Sport Should I even count protein that isn't from meat/whey etc.?

Sport Fitness
I get around 150-175g of protein per day now (I am 152 lbs.)

48g from whey
18g from egg whites
estimation of 30-50g from lean meat

So around 100g of protein a day for me comes from very strong sources, the rest of the protein is from other sources I heard were weak and not as helpful as the ones I listed above...these sources being brown rice, non fat milk, natural peanut butter etc.

I now ask...does the "1g per lb. of body weight" only mean "1g of strong protein per lb. of body weight" or is other protein ok to be included to reach that goal?

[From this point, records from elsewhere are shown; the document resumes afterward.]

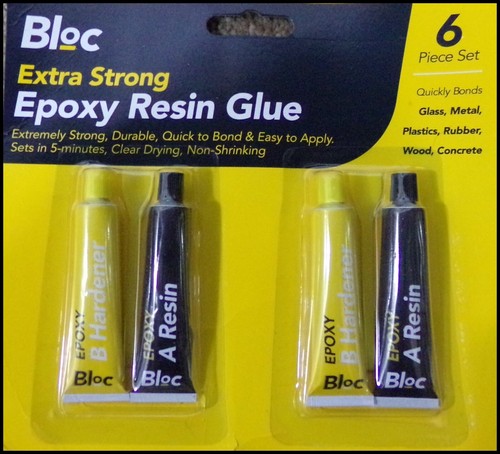 Liquid weld metal bonding glue - metal,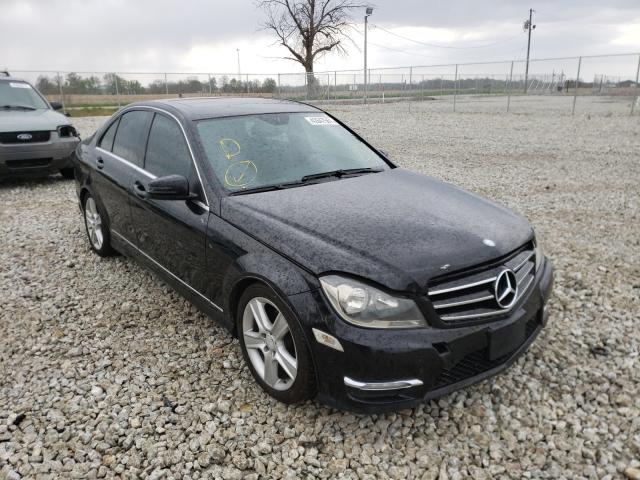 MERCEDES-BENZ C 300 4MAT 2012 wddgf8bb0cf918655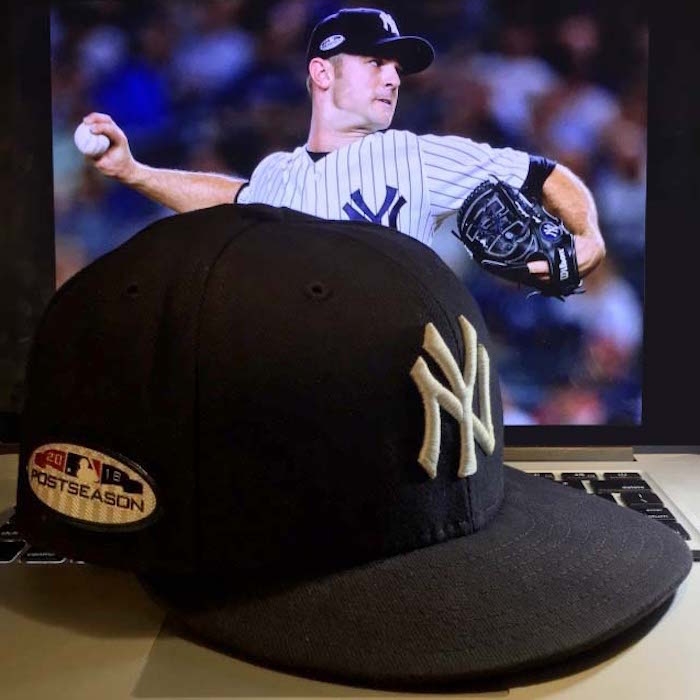 Gary Sanchez New York Yankees Game Used Worn Jersey 2017 MLB Auth
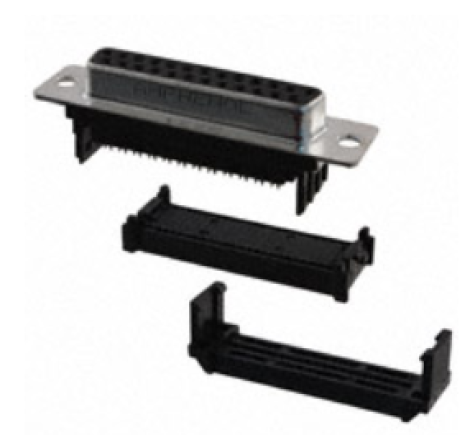 L17DBFRA25S | Amphenol | Разъем D-Sub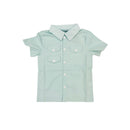 PRE ORDER - Hazel Blue Swordfish Fishing Shirt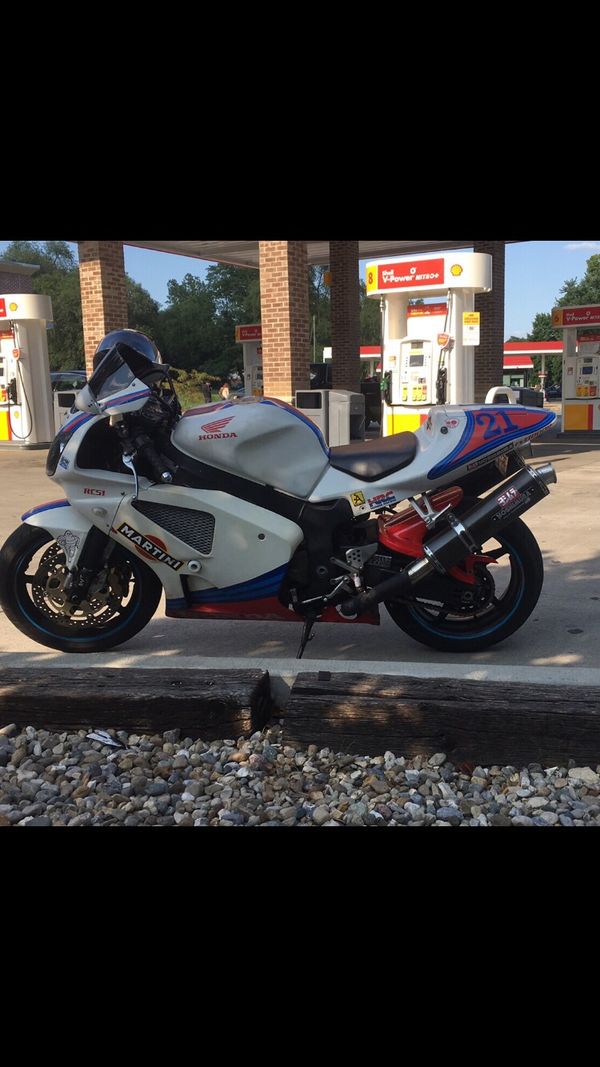 2001 rc51 1000cc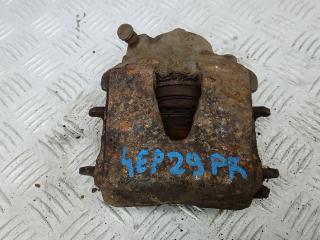 суппорт передний правый Volkswagen Caddy 3 поколение 2005, 2.0 л., дизель, МКПП, 1K0615124D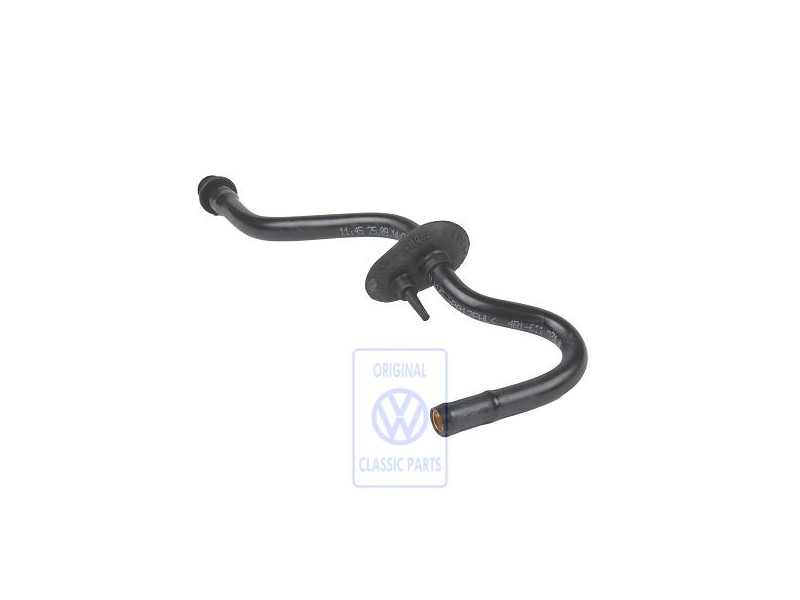 Genuine VW Vacuum Pipe - 4B1611931K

So, am I basically only getting 100g of useful protein while the other 50-75g are wasted?
 
A gram of protein is a gram of protein. There is no "strong" or "weak" proteins, rather, there is a time for fast and slow digesting proteins, but protein is protein bro.
 
I'm not sure what you mean by good and bad proteins.

but...

Proteins from plant sources don't have all the essential amino acids (incomplete proteins), such as lysine. While proteins from animals have all the proteins that you need (complete proteins)

I'm pretty sure you're getting adequate amounts of essential amino acids if you're consuming 100g+ a day. The only problem would be if you got all your protein from plant sources. You should definetly count those sources.